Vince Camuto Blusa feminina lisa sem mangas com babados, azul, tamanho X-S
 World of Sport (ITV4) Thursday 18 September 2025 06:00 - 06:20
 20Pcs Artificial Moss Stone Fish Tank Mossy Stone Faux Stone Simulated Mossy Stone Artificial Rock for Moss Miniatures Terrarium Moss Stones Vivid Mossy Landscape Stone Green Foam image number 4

::::::::

### Exercise description
Please copy out the data above exactly.

### Exercise response
Vince Camuto Blusa feminina lisa sem mangas com babados, azul, tamanho X-S
 World of Sport (ITV4) Thursday 18 September 2025 06:00 - 06:20
 20Pcs Artificial Moss Stone Fish Tank Mossy Stone Faux Stone Simulated Mossy Stone Artificial Rock for Moss Miniatures Terrarium Moss Stones Vivid Mossy Landscape Stone Green Foam image number 4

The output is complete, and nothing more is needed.